(Collection entries)

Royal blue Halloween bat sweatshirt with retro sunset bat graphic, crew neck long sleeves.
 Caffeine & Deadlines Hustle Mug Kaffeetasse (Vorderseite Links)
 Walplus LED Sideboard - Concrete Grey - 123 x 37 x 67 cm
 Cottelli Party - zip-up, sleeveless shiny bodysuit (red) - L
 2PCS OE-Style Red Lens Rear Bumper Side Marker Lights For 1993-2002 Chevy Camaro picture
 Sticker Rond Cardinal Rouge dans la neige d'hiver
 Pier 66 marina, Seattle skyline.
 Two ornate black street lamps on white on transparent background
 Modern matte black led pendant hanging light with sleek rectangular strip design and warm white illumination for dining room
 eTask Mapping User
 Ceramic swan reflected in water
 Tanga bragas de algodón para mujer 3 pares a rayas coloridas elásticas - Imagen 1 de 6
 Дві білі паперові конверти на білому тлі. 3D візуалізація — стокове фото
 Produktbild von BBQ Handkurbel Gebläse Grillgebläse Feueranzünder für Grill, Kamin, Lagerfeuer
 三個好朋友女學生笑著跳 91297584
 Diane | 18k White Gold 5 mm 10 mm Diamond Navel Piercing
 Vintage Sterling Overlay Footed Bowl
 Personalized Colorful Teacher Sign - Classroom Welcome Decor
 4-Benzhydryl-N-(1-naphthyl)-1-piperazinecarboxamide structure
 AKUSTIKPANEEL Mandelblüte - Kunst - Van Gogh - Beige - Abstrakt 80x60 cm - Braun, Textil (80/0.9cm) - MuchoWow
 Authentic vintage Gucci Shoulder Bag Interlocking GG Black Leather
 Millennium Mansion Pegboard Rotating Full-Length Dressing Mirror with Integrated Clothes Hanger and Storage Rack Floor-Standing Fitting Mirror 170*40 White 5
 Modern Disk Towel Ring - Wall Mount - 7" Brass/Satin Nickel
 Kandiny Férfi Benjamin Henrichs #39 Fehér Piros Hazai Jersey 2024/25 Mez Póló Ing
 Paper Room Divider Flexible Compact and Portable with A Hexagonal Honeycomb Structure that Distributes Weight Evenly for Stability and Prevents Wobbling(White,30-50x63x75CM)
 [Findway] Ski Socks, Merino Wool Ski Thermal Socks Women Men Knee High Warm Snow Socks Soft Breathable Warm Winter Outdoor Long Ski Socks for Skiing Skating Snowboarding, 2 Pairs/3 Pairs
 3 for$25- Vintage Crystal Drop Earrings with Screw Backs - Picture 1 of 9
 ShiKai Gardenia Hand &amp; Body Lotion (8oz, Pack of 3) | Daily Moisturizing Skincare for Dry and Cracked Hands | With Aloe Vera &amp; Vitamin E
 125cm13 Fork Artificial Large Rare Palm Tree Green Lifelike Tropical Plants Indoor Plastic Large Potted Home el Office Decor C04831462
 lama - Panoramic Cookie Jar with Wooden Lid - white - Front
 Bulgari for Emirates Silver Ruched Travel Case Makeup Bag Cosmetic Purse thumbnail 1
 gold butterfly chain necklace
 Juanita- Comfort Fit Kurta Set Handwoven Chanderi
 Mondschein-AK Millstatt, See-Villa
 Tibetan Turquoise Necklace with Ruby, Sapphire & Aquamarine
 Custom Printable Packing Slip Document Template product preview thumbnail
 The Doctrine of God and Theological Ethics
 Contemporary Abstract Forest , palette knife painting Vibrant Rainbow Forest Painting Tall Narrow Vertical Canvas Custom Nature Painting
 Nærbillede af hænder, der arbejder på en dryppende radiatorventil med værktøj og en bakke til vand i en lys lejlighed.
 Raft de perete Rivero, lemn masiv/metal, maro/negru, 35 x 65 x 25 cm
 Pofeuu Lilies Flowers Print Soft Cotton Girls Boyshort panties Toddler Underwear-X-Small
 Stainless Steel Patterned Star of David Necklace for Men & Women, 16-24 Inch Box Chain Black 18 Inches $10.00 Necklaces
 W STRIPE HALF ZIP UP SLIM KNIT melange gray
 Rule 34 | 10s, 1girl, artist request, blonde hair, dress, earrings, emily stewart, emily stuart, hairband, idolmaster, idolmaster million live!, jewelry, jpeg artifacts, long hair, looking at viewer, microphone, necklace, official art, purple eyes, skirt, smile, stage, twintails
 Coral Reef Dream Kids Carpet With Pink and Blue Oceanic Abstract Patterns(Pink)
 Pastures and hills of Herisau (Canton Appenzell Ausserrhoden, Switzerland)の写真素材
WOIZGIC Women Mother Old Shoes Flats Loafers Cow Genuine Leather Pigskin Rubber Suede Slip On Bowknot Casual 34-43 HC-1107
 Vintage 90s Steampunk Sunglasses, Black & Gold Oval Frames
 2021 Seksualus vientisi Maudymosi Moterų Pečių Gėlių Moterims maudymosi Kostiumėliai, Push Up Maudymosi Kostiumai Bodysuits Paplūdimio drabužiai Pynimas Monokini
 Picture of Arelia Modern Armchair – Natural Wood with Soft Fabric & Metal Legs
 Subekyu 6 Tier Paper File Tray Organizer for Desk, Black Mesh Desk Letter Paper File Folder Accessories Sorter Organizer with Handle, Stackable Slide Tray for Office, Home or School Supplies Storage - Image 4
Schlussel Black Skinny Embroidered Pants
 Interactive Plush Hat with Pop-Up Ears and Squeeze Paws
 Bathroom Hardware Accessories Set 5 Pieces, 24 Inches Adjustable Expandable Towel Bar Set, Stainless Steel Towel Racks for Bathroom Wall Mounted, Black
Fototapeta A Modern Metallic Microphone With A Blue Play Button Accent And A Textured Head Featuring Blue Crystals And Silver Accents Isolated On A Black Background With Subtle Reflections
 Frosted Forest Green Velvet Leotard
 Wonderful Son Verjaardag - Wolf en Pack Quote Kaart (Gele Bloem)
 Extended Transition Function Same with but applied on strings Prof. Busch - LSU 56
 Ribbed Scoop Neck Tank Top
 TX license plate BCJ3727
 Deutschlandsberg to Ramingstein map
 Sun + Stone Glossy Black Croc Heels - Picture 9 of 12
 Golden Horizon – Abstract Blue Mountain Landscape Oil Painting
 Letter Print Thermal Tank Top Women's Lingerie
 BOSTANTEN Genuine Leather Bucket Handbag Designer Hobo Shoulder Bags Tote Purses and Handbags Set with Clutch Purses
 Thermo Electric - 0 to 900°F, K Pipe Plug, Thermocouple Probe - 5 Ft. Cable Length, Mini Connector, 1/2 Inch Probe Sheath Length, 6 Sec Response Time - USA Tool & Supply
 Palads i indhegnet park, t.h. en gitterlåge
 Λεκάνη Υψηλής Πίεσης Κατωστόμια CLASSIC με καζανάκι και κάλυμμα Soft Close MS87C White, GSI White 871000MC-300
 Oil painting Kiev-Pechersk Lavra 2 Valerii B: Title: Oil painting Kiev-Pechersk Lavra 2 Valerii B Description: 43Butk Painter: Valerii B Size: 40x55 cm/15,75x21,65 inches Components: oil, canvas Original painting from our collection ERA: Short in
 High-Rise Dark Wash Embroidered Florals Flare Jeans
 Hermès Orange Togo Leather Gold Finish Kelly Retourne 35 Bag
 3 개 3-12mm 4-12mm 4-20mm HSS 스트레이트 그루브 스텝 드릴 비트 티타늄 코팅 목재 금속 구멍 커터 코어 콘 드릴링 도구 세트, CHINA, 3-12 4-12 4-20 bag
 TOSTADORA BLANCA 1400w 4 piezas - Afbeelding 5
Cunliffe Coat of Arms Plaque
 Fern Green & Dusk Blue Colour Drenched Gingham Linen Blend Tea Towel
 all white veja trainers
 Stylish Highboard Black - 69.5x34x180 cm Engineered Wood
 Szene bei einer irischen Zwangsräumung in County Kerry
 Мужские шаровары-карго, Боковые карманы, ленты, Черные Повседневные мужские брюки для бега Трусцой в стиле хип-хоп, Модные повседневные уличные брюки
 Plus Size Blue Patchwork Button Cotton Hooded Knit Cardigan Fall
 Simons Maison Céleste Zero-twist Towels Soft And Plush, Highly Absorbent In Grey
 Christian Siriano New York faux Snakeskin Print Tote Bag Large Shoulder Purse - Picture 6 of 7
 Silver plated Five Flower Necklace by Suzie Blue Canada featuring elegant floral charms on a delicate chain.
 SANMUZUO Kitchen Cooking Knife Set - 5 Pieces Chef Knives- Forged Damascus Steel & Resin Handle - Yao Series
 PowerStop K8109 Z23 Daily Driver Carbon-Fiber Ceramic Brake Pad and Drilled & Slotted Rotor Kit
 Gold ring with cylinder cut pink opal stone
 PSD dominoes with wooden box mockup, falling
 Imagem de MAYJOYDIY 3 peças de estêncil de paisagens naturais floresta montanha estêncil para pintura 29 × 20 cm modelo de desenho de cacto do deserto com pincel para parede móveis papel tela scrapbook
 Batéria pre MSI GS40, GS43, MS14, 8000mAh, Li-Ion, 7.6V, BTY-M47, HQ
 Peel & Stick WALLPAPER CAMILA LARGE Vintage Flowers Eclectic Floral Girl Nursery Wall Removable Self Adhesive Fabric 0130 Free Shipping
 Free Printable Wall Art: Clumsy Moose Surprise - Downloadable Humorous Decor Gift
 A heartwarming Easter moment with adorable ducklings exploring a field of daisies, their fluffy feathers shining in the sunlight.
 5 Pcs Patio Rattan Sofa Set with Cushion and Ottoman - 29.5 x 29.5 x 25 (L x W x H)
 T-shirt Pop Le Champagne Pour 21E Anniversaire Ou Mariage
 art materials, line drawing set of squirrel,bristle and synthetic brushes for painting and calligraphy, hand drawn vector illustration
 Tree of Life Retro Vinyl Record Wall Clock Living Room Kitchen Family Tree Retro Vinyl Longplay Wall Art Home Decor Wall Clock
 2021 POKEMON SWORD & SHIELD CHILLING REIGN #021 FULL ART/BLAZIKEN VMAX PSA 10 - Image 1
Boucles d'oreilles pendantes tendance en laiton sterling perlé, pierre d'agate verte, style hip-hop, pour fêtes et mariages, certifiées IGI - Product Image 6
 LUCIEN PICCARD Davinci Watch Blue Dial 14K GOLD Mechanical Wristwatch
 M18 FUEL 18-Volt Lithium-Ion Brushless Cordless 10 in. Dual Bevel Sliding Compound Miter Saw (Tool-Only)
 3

Work required. Look above for the line that contains "Rule 34 | 10s, 1girl, artist". Starting there, transcribe every line exactly until you have copied the line that contains "Schlussel Black Skinny Embroidered Pants".

Answer to this task.
 Rule 34 | 10s, 1girl, artist request, blonde hair, dress, earrings, emily stewart, emily stuart, hairband, idolmaster, idolmaster million live!, jewelry, jpeg artifacts, long hair, looking at viewer, microphone, necklace, official art, purple eyes, skirt, smile, stage, twintails
 Coral Reef Dream Kids Carpet With Pink and Blue Oceanic Abstract Patterns(Pink)
 Pastures and hills of Herisau (Canton Appenzell Ausserrhoden, Switzerland)の写真素材
WOIZGIC Women Mother Old Shoes Flats Loafers Cow Genuine Leather Pigskin Rubber Suede Slip On Bowknot Casual 34-43 HC-1107
 Vintage 90s Steampunk Sunglasses, Black & Gold Oval Frames
 2021 Seksualus vientisi Maudymosi Moterų Pečių Gėlių Moterims maudymosi Kostiumėliai, Push Up Maudymosi Kostiumai Bodysuits Paplūdimio drabužiai Pynimas Monokini
 Picture of Arelia Modern Armchair – Natural Wood with Soft Fabric & Metal Legs
 Subekyu 6 Tier Paper File Tray Organizer for Desk, Black Mesh Desk Letter Paper File Folder Accessories Sorter Organizer with Handle, Stackable Slide Tray for Office, Home or School Supplies Storage - Image 4
Schlussel Black Skinny Embroidered Pants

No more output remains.